Right-hander Jeanmar Gomez gave the Indians more than a chance Tuesday, pitching like a veteran that has been in the rotation all season, not a youngster making his third start of the year.
Gomez was recalled from Triple-A Columbus to start the second game of the series against Oakland and earned the right to make at least another one after allowing an unearned run on six hits over six innings.
Gomez, who went 4-5 with a 4.68 ERA in 11 starts for Cleveland last year, didn’t allow a run over his first four innings before his own error led to one in the fifth. He pitched a scoreless sixth and turned it over to the bullpen, which allowed a run but preserved the win without having to use closer Chris Perez.
“Gomez threw the ball very well for us,” Acta said. “He got into a very good groove. He had very good movement on his fastball. That’s what made him effective last year.
“The young man gave us a lift today.”
Despite being thrust into a pennant race with just a pair of big league outings under his belt this year, Gomez, who went 10-7 with a 2.55 ERA in 21 starts at Columbus, showed no nerves.
He outdueled Oakland starter Trevor Cahill, an All-Star last year, who allowed five runs on seven hits over 5 1/3 innings.

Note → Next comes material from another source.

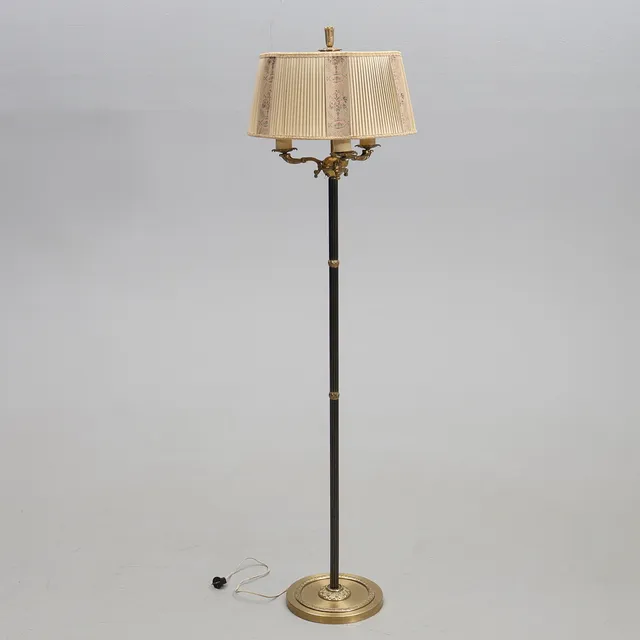 GOLVLAMPA. 1900-tal.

“I don’t feel any pressure,” Gomez said. “I tried to do what I’ve been doing at Triple-A.”
The Indians, who had played four straight one-run games coming in, appeared to be headed in that direction again, leading 2-1 through five innings.
But Cleveland broke it open with a four-run sixth that was powered by a pair of two-run home runs from Carlos Santana and Jack Hannahan.
Along with Kosuke Fukudome, who plated the Indians’ first two runs with a double in the third inning, Santana and Hannahan have been Cleveland’s hottest hitters as of late.
Santana, who homered for the second straight night, is batting .302 (29-for-96) with six homers and 18 RBIs over his last 24 games. Hannahan has hit safely in 11 of his last 13 games, batting .429 (18-for-42) with a homer and 10 RBIs over the stretch.
The offense is expected from Santana, who began the season hitting in the cleanup spot, but not Hannahan — a defensive-minded third baseman with a career batting average of .224 in two seasons prior to this year.
“I’m just doing what the pitcher allows me to do and not trying to do too much,” said Hannahan, who was the only Indian with a multihit game, going 3-for-4.
Every player in Cleveland’s lineup save Shelley Duncan, who was replaced after being hit by a pitch in the sixth, had at least one hit.